Tomorrow, the greyhound racing industry's "Hall of Fame" is scheduled to induct long-time breeder Vince Berland, owner of the Flying Eagle kennel and farm. Over the past twenty-five years, Berland has had a huge influence on the American greyhound racing industry. According to the Abilene Reflector-Chronicle:
Berland’s impact on National meets has also been significant. The record-breaking sale of Flying Train in 1991 for $56,000 started the ball rolling with big-dollar sales at the auction.
Unfortunately, there is another side to this story.
In 2009, Bantam Press published an autobiography by professional poker player Roy Brindley titled Life's a Gamble. In this book, Mr. Brindley writes that he worked at Vince Berland's farm in the Fall of 1995, and says that his job was to prepare greyhounds owned by Berland for one of the big annual meets:
My new role was with one of the biggest operations in the US, Flying Eagles Kennels, also in Abilene but on the other side of town. My brief was to train sixty dogs, young puppies, in preparation for just two big races; afterwards they'd be put through a public auction. Their sale price would depend their performance, and I was promised a share of the revenue made from the sale of the dogs by Vince Berland, owner of the operation.
Brindley then writes that things initially went well, and he found the Berlands to be "decent upstanding God-fearing people." After about a week, however, he says that his time at the farm took a turn for the worse. After some of the greyhounds were time tested, Brindley says he overhead a disturbing conversation between Vince Berland, his son Lance and a family friend named Greg, in which Berland directed his friend to kill several greyhounds because their times were not fast enough. Brindley writes:
Moments later the door into my kennelling area opened and in walked Lance and Greg. I looked at them in total shock, the kind of shock that makes you just stare or gives you an urge to run from the scene, like witnessing a nasty car accident.
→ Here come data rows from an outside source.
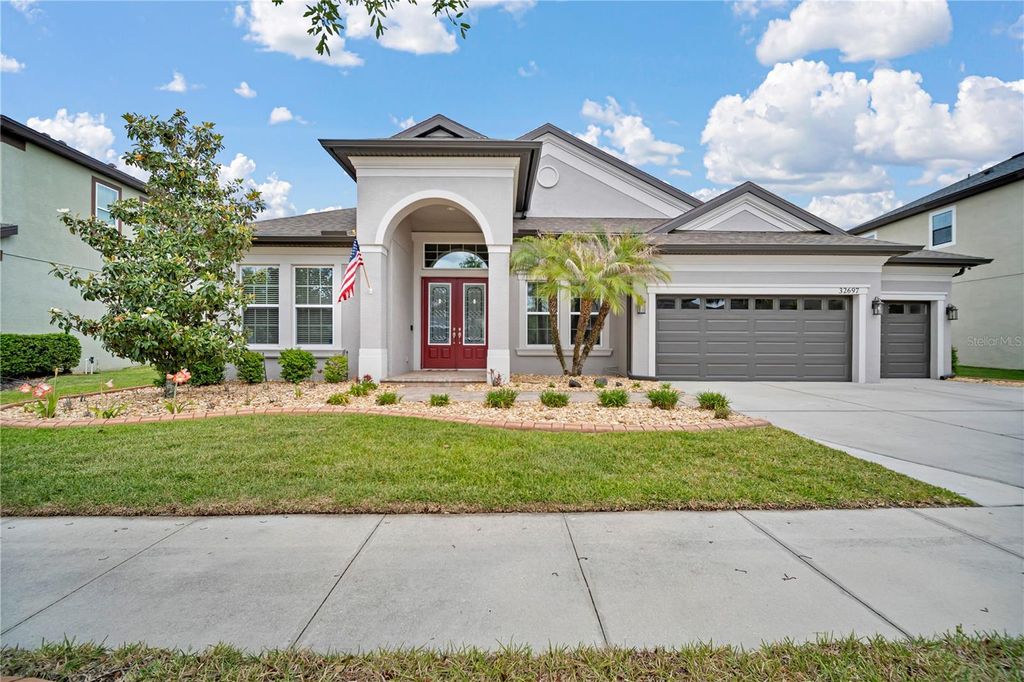 Photo of 32697 Natural Bridge Road, Wesley Chapel, FL 33543 (MLS # TB8492692)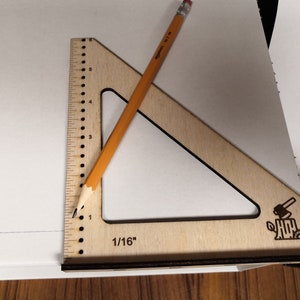May include: A wooden triangle ruler with a pencil on top of it. The ruler has a 1/16 inch marking and a small wood carving of an axe on a stump.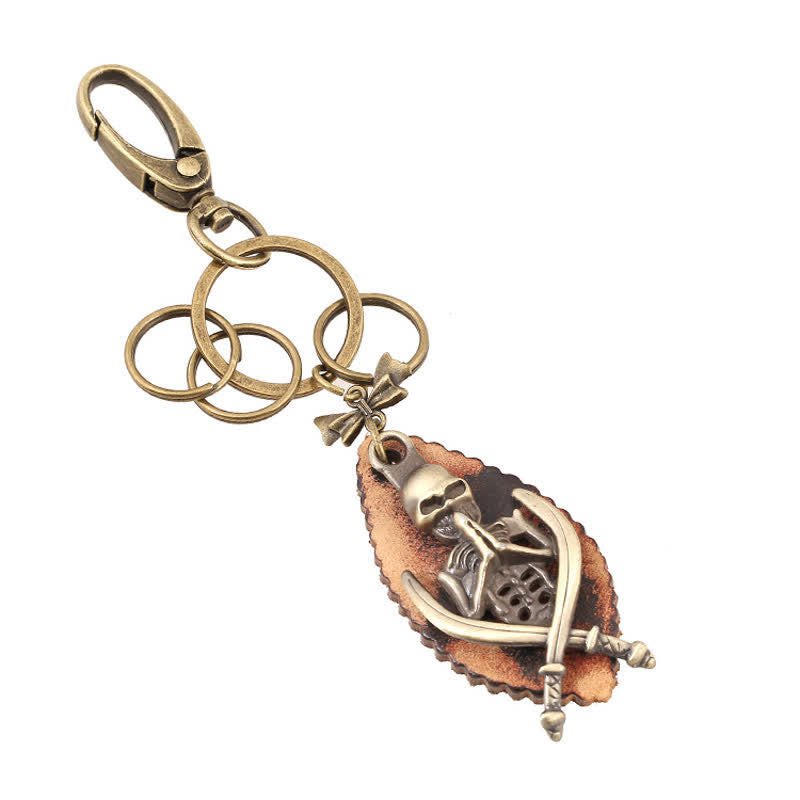 Portachiavi in pelle placcata in bronzo con scheletro punk - image 1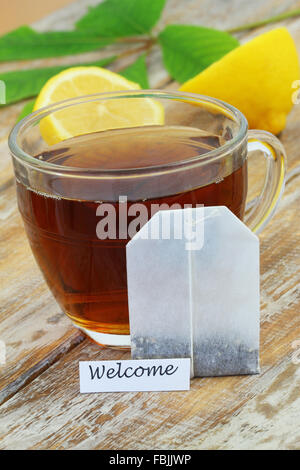 Carte de bienvenue avec un verre de thé et un sachet à thé appuyé contre elle Banque D'Images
Surely I had got it all wrong. Surely they weren't going to take these animals to the vet to be put to sleep. The word 'kill'. It was so brutal.
The dogs were taken outside and loaded on to the truck. It did not head out towards the main gates and on to the open road but down a dusty trail towards the far reaches of the ranch. I listened intently, wondering where exactly it was headed, and I could still hear the engine noise as it pulled up again and the engine was turned off. I heard a metal door to one of the dog's compartments on the transporter swing open, violently enough to make a clattering noise, and then, BANG! Moments later, BANG! again, and again and again. Never in my life had I experienced first hand such barbaric behaviour. Those loving, adoring animals had been slaughtered by gunshot.
A few hours later, Brindley says that he went to the location where he heard gunshots, and discovered a pit full of dead greyhounds. Brindley then writes:
Here was the brutal truth. Any dog considered incapable of winning races was brought down here to be shot. The stench of death got into my clothes and my hair. I can smell it to this day. And what I saw has haunted me ever since.
Brindley says that he went to the National Greyhound Association (NGA) the next day to report what he had seen, but the NGA had no interest in taking action:
The response was automated, as if it were the sort of thing people normally asked: 'Here at the NGA we are purely a registry organization. We register matings, whelpings, and ownership. That is where our function ends.'
Brindley further says that he then went to the local sheriff, who told him that what he had seen was not against the law.
I know of no evidence that proves or disproves Mr. Brindley's account of his time at the Flying Eagles farm, but believe his story deserves to be told. If what he writes is true, then tomorrow's induction of Vince Berland into the Greyhound "Hall of Fame" will be a sad day for thousands of greyhounds.